Huit femmes puissantes – Händel : Enchantresses par Sandrine Piau

Les artistes

Sandrine Piau, soprano

Les Paladins, dir. Jérôme Corréas

Le programme

Handel : Enchantresses
CD Alpha 765, enregistré en octobre 2020 au Théâtre de Poissy

En 2004, Sandrine Piau enregistrait avec Christophe Rousset un disque intitulé Haendel, opera seria ; le programme s’ouvrait sur « Scoglio d’immota fronte », air tiré de Scipione, la soprano ayant déjà participé, dix ans auparavant, à l’intégrale de cet opéra, gravée avec les alors tout jeunes Talens Lyriques. En 2004, Renee Fleming y allait elle aussi de son disque haendélien, où figurait le même air, et les comparaisons n’avaient pas manqué. Le partage des territoires semblait alors clair : à l’Américaine les reines et les magiciennes, comme Alcina qu’elle avait incarnée à Garnier en 1999, à la Française les pucelles et les soubrettes, comme Morgana qu’elle fut en 2014 dans la même production. Sauf qu’en 2015 Sandrine Piau fit la bascule et devint elle-même Alcina dans un mémorable spectacle signé Pierre Audi à Bruxelles. Ainsi se justifie le propos de ce nouveau disque : « Si j’ai incarné, autrefois, des héroïnes virevoltantes et légères, ce nouvel album offre un portrait de femmes puissantes, souvent meurtries », déclare la soprano dans un texte d’accompagnement. De fait, à l’écoute de « Ah, mio cor », nul ne contestera la majesté de l’interprète, surtout dans cette partie rapide où elle s’exclame avec une fureur toute royale « Ma che fa gemendo Alcina ? son reina, è tempo ancora ». Et quand Sandrine Piau revient à son emploi premier, en ajoutant à cet air le « Tornami a vagheggiar » d’une Morgana particulièrement enjôleuse dans sa manière de dire « Già ti donai il mio cor », ce n’est pas simplement la petite sœur d’Alcina que l’on entend, mais bien une égale de la magicienne par l’autorité qu’elle déploie.

Après « Ah, mio cor », l’air le plus long de ce nouveau disque est le « Piangerò » extrait de Giulio Cesare.
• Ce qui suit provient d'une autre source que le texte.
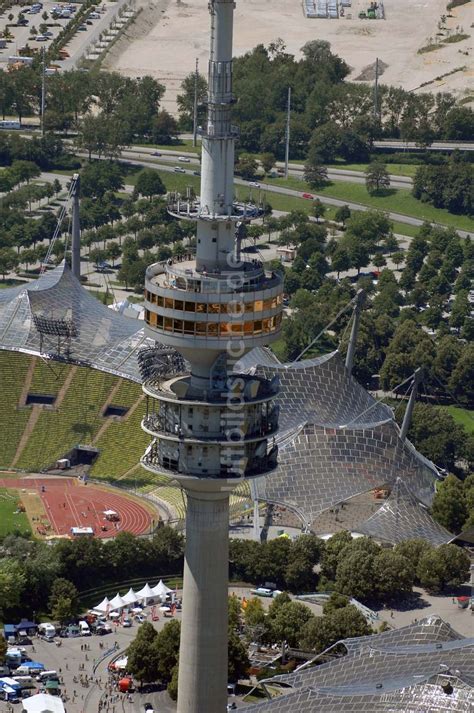 Luftaufnahme München Der Olympiaturm ist ein Fernsehturm in München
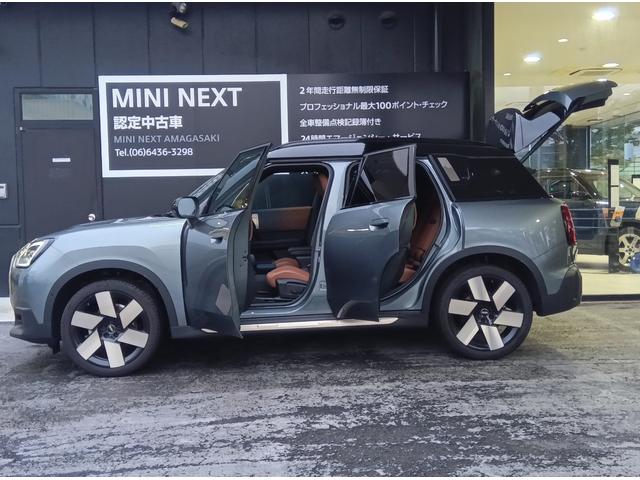 MINI カントリーマンSオール4 フェイバリット・トリム MN2年保証 ALL4 デモカー ACC 全周囲カメラ フェイバードトリム ドラレコ ナビ シート&ステアリングヒーター ETC 前後PDC 四輪駆動 踏み間違い防止機能後進アシスト(18枚目)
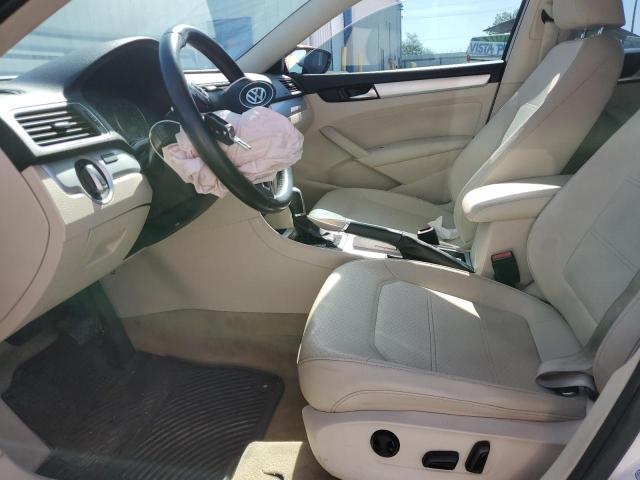  VOLKSWAGEN PASSAT 2012 White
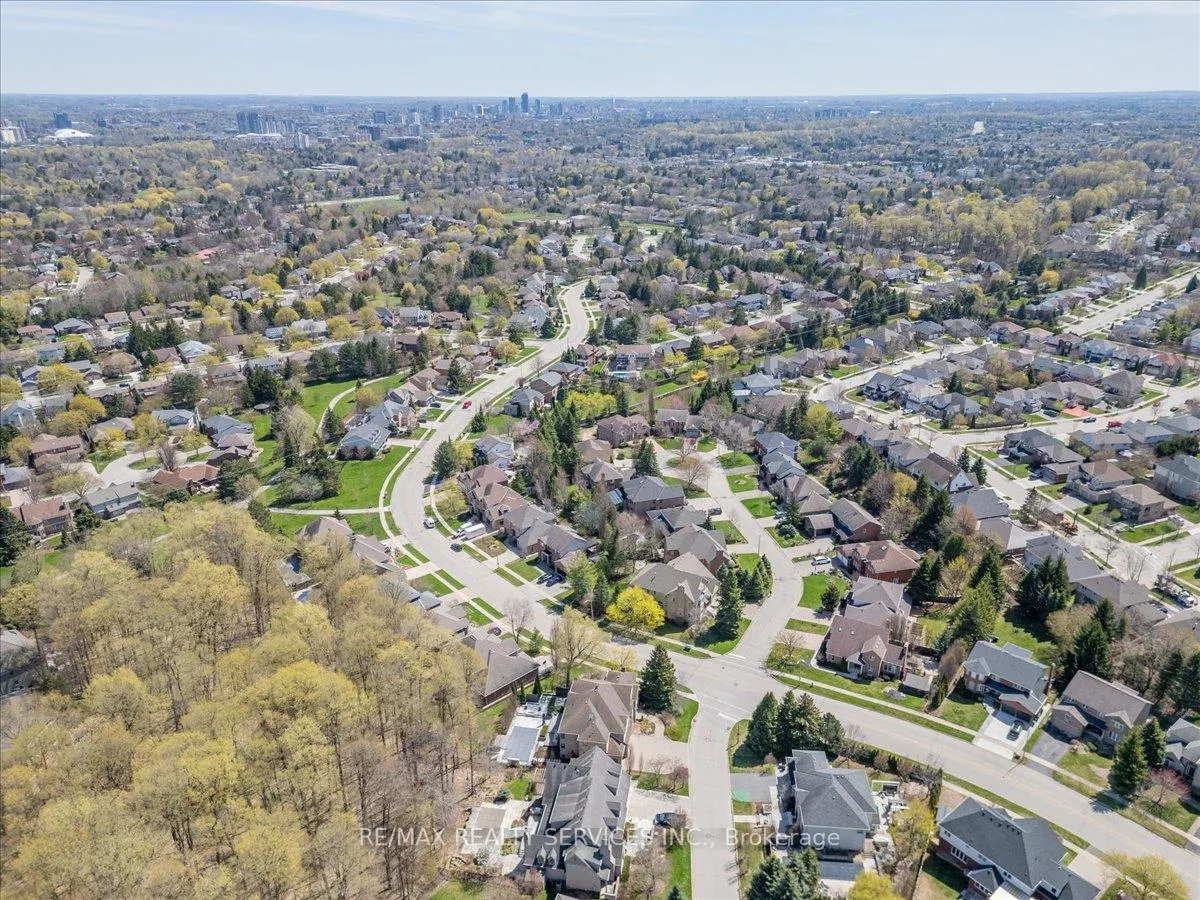 Photo 50 of 672 Zermatt Drive, Waterloo, Clair Hills — HOMEH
Cléopâtre est un rôle que la soprano fréquente depuis plus longtemps qu’Alcina : à Paris, elle l’a chanté en concert dès 2008 pour René Jacobs, puis sur scène en 2013 pour la reprise de Giulio Cesare dirigée par Emmanuelle Haïm à Garnier. Et pour prouver là encore que la noblesse d’accents n’interdit pas la virtuosité, cette Cléopâtre fait un sort à « Da tempeste » et à ses cascades de notes mitraillées. En fin de parcours, « Lascia ch’io pianga » complète cette série de tubes haendéliens, même si Almirena n’est peut-être pas la plus puissante des héroïnes possibles ; c’est la puissance de la séduction qu’illustre l’air des sirènes (ici réduit à une seule) également extrait de Rinaldo.
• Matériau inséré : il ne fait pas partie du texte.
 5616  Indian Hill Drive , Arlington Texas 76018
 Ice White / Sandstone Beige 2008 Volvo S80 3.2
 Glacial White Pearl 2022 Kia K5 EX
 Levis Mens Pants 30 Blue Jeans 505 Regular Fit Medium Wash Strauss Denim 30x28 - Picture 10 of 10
Le reste du programme s’aventure en terres un peu moins fréquentées : un fragment de la cantate Lucrezia, un air brillant tiré d’Amadigi et, en guise de première plage, une aria di paragone tirée de Lotario, « Scherza in mar la navicella ». De quoi donner un échantillon de tout ce dont quoi Sandrine Piau est capable, et que l’on regrette de ne pas assez souvent pouvoir applaudir dans les théâtres. Jérôme Corréas, avec qui la soprano avait enregistré en 2011 le superbe disque Le Triomphe de l’amour, consacré à la tragédie lyrique française, se montre tout aussi convaincant dans Haendel, toujours à la tête de son ensemble Les Paladins, que l’on entend à découvert non seulement dans une ouverture d’opéra (Amadigi), mais aussi dans trois extraits de concerti grossi où les instrumentistes s’imposent par la sensibilité de leur jeu.